It’s more or less a fitness universal: high-risk, low-risk, intense or mindful, you don’t really want your children around. All exercise is solipsistic and kids drive a coach and horses through enjoyable self-regard. On the other hand, Kobox is running boxing for children through summer, and my stepdaughter, C, is a natural. Not a natural pugilist, and her death stare is like being given a dirty look by a really cute cat, but a natural mover, naturally determined, highly appreciative of costume and cinematic situations, with a strong inclination towards anything girls in sitcoms don’t do. That’s how I ended up in a ring with a 10-year-old and Ollie Lee, who is so serious about boxing’s benefits that he’s teaching his own daughter to do it, and she’s only four. “It’s great for discipline, self-esteem…” he says. These are the advertised benefits to children of most sports, but in this context, raise the droll prospect of teaching a child to get really good at disciplining other people.

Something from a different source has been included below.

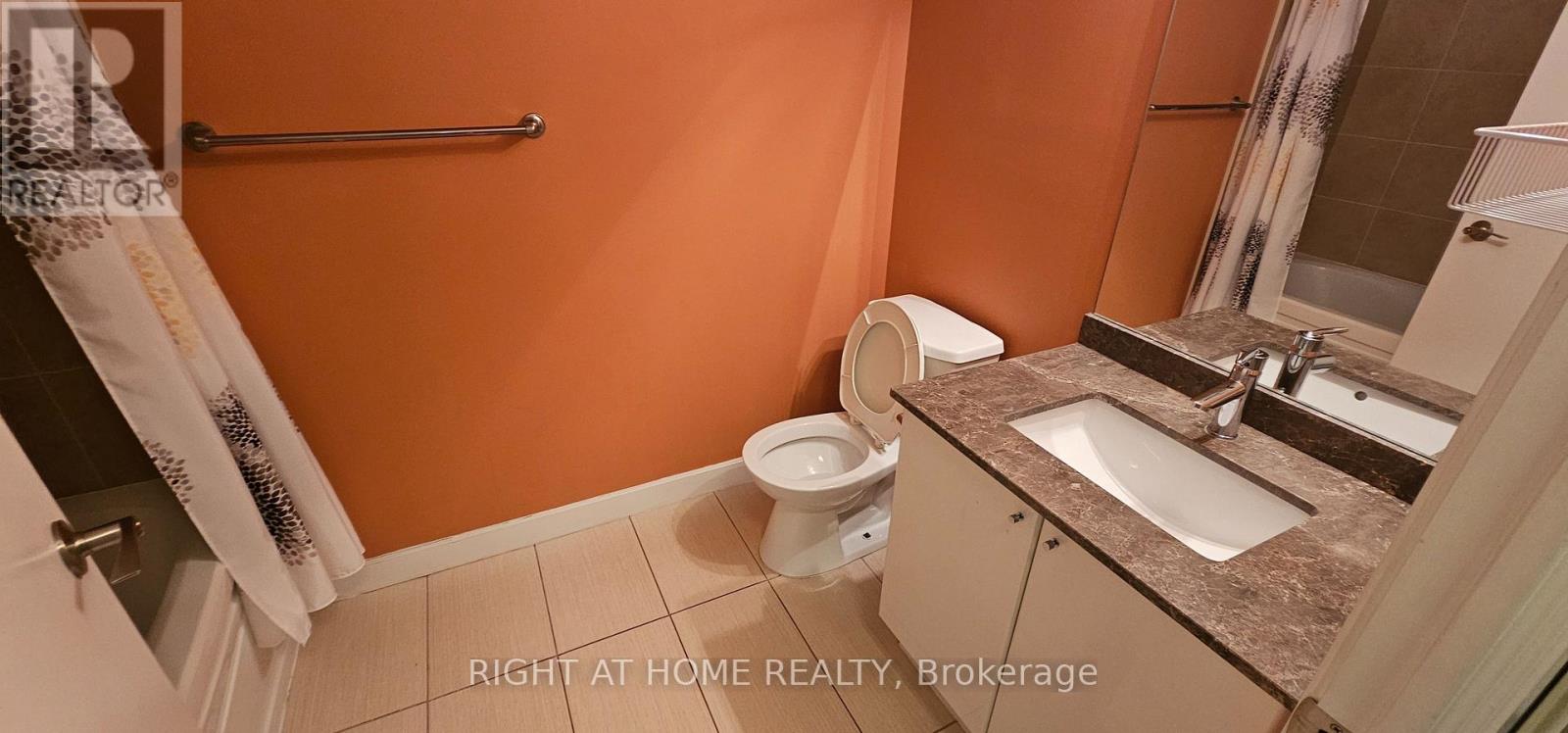 1109 - 18 Harbour Street, Toronto, Ontario  M5J 2Z6 - Photo 10 - C12592604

There’s a lot of Rocky fandango, as you’d expect: rolling bandages round your wrists in a precise way, getting your gloves on. It’s quite theatrical and dress-up, which you don’t realise until you see a child do it. Even in your nursery moments, learning the basics of punching, shielding and ducking, you look infinitely more convincing. The jab – a straight punch with your lead hand – is number one (we’ve been through this before, I know, but it’ll help when I start yelling “One! Three! Six! Five!” At you). The cross – straight punch with your rear hand – number two; the hooks, circular sideways punches with lead and rear hands – are three and four; the uppercuts, vertical punches from below, five and six. That takes about four minutes to learn, then who knows how many years to remember.

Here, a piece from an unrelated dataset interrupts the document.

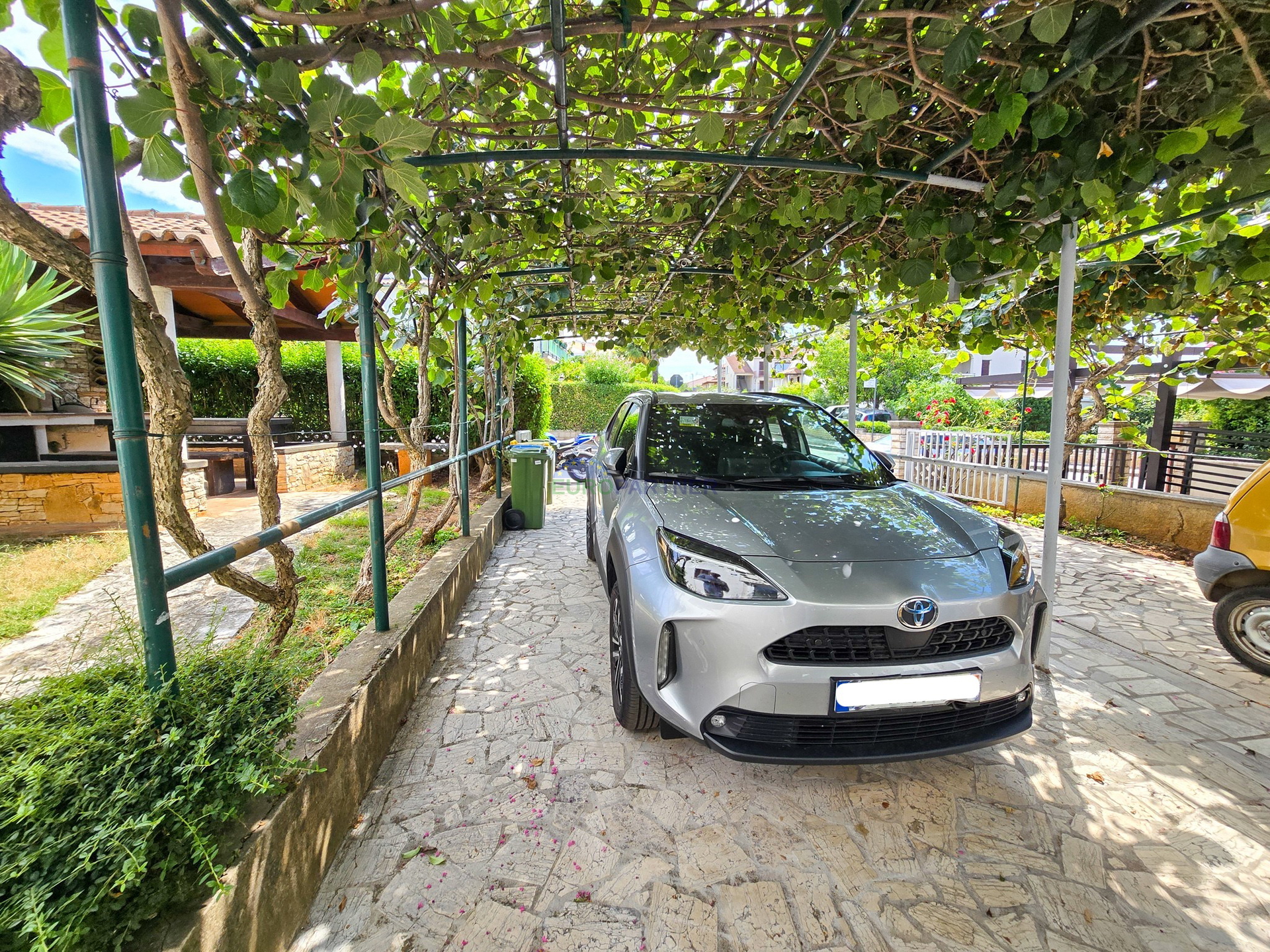 Wohnung mit Garten, Poreč, 800 m vom Meer entfernt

We spent a good while throwing punches into the air to get the numbers and fix the principle of keeping your inactive hand against your face. It’s basically inversely related to your age. C got it in about 60 seconds, and I didn’t. Then we started punching Ollie, which was especially amusing when he put his full body armour on, pretending to fear our ferocity. “Imagine you’re punching your homework”, he said, and C gave me a “Huh, why would anybody punch their homework? That would be so self-defeating” look, before indulgently attacking him like the devil. The best bit about this escapade is watching a child have a fight with an adult, but you’re not really allowed to loaf about; while the other person is punching, you’re meant to be doing stomach crunches. Or, if you prefer, doing Pilates in another bit of the studio.
The point of footwork is to move as fast and far as you can without wearing yourself out, so not high-impact from a cardio perspective. It is engrossing, though counterintuitive – your back foot always catching up with your front rather than overtaking it. You’ll pick it up faster if you haven’t already been walking in the regular way for four decades. C loved it; she wanted to do it every week; she wanted to do it again immediately. If you find enthusiasms hard to resist, but don’t want to end up living with Million Dollar Baby, I suggest you try something else.
What I learned
For the perfect jab, they say close-the-door, turn-the-key; it reminds you to punch forward and finish on that twist that looks so pro.